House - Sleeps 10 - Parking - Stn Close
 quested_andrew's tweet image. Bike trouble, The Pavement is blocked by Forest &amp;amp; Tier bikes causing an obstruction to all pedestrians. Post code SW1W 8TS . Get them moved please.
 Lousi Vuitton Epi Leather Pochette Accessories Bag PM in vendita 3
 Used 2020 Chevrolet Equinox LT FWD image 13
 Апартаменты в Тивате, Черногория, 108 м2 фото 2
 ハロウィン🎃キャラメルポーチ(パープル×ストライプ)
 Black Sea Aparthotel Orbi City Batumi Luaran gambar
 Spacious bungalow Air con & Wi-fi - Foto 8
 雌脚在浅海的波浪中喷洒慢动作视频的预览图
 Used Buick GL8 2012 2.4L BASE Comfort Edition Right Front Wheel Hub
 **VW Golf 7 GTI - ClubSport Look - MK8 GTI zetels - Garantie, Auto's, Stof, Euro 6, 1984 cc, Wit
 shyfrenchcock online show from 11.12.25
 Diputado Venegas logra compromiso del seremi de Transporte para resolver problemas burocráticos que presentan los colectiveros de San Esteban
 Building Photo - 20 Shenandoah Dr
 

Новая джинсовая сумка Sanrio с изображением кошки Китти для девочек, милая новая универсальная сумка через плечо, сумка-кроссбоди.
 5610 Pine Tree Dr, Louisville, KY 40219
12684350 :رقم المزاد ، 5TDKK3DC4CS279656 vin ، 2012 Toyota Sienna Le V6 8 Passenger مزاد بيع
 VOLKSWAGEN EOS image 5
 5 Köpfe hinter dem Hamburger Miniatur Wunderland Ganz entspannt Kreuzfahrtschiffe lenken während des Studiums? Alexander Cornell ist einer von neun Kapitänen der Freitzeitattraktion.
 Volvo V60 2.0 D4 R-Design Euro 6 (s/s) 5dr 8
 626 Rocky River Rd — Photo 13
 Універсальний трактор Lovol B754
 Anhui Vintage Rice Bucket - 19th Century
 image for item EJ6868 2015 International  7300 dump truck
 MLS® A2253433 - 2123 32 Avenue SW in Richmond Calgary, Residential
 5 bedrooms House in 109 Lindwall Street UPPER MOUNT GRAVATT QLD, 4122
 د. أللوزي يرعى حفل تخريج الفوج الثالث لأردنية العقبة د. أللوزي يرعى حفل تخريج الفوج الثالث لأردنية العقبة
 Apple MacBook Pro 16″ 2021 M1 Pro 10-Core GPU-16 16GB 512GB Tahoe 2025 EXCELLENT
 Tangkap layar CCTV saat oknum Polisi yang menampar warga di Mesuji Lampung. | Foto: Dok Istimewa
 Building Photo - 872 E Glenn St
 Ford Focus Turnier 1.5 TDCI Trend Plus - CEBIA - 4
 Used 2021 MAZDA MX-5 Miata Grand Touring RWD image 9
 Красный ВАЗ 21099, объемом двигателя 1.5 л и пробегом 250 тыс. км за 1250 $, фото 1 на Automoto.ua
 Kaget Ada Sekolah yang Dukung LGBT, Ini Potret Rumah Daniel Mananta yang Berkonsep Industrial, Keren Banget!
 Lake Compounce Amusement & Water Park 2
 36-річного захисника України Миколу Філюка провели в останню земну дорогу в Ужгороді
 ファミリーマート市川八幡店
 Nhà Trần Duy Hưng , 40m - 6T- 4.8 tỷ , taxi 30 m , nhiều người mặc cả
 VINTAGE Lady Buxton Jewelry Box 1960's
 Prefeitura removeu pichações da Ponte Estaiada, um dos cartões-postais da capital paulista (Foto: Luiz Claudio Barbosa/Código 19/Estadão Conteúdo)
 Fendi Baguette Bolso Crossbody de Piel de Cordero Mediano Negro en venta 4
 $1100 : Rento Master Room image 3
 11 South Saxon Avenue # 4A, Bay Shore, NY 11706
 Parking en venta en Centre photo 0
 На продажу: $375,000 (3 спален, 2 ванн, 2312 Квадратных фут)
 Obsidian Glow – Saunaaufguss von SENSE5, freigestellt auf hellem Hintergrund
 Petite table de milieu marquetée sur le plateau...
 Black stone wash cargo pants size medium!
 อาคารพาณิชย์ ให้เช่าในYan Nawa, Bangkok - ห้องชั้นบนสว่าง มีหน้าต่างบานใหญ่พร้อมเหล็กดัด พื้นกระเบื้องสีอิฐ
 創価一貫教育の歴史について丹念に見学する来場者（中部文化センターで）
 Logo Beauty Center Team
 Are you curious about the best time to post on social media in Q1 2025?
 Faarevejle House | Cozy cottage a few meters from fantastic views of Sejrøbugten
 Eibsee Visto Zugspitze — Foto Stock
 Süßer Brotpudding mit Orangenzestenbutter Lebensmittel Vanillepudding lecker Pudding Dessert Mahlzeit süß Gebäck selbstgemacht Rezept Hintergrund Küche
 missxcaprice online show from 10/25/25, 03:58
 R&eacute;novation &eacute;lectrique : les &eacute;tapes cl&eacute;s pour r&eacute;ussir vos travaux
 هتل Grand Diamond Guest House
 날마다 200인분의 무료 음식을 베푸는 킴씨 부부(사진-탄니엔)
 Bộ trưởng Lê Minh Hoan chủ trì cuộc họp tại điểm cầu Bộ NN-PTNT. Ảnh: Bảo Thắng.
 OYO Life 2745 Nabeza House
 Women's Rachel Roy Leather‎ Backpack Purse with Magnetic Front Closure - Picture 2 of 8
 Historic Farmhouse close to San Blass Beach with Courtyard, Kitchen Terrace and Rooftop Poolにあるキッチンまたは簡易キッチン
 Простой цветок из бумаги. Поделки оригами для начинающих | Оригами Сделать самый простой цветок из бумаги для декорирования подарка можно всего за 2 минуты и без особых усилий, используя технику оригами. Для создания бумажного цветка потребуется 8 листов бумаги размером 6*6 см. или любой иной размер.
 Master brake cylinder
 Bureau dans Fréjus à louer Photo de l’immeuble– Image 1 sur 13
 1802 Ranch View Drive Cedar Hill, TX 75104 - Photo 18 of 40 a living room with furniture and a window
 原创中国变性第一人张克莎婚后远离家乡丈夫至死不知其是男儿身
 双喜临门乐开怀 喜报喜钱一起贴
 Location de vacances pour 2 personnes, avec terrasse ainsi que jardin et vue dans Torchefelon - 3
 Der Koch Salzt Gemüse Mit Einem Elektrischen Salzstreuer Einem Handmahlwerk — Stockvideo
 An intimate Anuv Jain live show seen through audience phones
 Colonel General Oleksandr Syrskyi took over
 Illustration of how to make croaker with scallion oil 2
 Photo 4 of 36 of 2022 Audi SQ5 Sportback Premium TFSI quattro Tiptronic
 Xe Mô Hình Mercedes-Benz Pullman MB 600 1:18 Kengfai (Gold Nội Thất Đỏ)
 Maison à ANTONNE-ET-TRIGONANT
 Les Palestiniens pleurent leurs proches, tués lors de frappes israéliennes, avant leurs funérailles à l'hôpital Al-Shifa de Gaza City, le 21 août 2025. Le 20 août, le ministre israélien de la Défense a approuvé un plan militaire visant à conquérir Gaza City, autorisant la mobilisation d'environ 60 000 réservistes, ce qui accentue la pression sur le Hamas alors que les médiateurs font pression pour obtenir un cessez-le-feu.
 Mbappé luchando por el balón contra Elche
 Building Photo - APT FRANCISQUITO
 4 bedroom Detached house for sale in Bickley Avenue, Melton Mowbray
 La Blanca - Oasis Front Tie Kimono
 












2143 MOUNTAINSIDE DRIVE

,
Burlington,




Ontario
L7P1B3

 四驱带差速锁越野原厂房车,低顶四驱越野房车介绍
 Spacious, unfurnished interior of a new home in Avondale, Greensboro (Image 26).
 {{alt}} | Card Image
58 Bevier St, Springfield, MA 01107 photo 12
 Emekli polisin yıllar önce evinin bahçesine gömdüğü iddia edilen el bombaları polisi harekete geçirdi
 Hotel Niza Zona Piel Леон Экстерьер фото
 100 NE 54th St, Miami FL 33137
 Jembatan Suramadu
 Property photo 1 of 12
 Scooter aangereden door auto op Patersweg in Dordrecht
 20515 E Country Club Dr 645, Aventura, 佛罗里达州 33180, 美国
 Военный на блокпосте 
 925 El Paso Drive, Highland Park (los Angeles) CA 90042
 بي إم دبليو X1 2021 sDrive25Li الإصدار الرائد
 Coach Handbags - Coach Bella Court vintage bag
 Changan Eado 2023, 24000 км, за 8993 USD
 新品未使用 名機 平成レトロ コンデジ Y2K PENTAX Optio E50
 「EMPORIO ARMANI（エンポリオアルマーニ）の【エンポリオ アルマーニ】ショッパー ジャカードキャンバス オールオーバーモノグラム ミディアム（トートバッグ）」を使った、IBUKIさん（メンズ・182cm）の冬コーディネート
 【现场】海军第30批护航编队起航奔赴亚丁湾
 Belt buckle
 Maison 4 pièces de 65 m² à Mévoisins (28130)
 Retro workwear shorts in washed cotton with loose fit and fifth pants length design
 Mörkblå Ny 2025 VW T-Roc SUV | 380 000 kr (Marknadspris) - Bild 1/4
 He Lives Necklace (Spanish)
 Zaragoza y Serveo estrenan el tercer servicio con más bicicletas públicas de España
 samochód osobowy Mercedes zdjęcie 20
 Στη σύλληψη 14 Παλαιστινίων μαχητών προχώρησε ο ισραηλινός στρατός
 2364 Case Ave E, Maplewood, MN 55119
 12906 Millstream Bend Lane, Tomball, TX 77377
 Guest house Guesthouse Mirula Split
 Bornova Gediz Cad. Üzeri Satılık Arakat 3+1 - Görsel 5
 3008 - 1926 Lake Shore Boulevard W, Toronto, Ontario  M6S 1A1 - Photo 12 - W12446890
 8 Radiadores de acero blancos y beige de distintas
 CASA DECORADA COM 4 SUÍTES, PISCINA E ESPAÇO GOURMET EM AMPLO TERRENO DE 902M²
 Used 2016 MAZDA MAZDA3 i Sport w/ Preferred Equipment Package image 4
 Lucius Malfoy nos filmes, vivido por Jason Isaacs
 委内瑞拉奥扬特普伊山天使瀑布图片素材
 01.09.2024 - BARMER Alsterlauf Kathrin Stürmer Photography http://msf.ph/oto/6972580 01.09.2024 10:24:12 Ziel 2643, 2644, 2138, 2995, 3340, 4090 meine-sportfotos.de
══════════
What is expected
Repeat only what lies between the first line of the data and the line containing "د. أللوزي يرعى حفل تخريج الفوج الثالث لأردنية العقبة د.", both of those lines included, exactly as it stands.

Task answer
House - Sleeps 10 - Parking - Stn Close
 quested_andrew's tweet image. Bike trouble, The Pavement is blocked by Forest &amp;amp; Tier bikes causing an obstruction to all pedestrians. Post code SW1W 8TS . Get them moved please.
 Lousi Vuitton Epi Leather Pochette Accessories Bag PM in vendita 3
 Used 2020 Chevrolet Equinox LT FWD image 13
 Апартаменты в Тивате, Черногория, 108 м2 фото 2
 ハロウィン🎃キャラメルポーチ(パープル×ストライプ)
 Black Sea Aparthotel Orbi City Batumi Luaran gambar
 Spacious bungalow Air con & Wi-fi - Foto 8
 雌脚在浅海的波浪中喷洒慢动作视频的预览图
 Used Buick GL8 2012 2.4L BASE Comfort Edition Right Front Wheel Hub
 **VW Golf 7 GTI - ClubSport Look - MK8 GTI zetels - Garantie, Auto's, Stof, Euro 6, 1984 cc, Wit
 shyfrenchcock online show from 11.12.25
 Diputado Venegas logra compromiso del seremi de Transporte para resolver problemas burocráticos que presentan los colectiveros de San Esteban
 Building Photo - 20 Shenandoah Dr
 

Новая джинсовая сумка Sanrio с изображением кошки Китти для девочек, милая новая универсальная сумка через плечо, сумка-кроссбоди.
 5610 Pine Tree Dr, Louisville, KY 40219
12684350 :رقم المزاد ، 5TDKK3DC4CS279656 vin ، 2012 Toyota Sienna Le V6 8 Passenger مزاد بيع
 VOLKSWAGEN EOS image 5
 5 Köpfe hinter dem Hamburger Miniatur Wunderland Ganz entspannt Kreuzfahrtschiffe lenken während des Studiums? Alexander Cornell ist einer von neun Kapitänen der Freitzeitattraktion.
 Volvo V60 2.0 D4 R-Design Euro 6 (s/s) 5dr 8
 626 Rocky River Rd — Photo 13
 Універсальний трактор Lovol B754
 Anhui Vintage Rice Bucket - 19th Century
 image for item EJ6868 2015 International  7300 dump truck
 MLS® A2253433 - 2123 32 Avenue SW in Richmond Calgary, Residential
 5 bedrooms House in 109 Lindwall Street UPPER MOUNT GRAVATT QLD, 4122
 د. أللوزي يرعى حفل تخريج الفوج الثالث لأردنية العقبة د. أللوزي يرعى حفل تخريج الفوج الثالث لأردنية العقبة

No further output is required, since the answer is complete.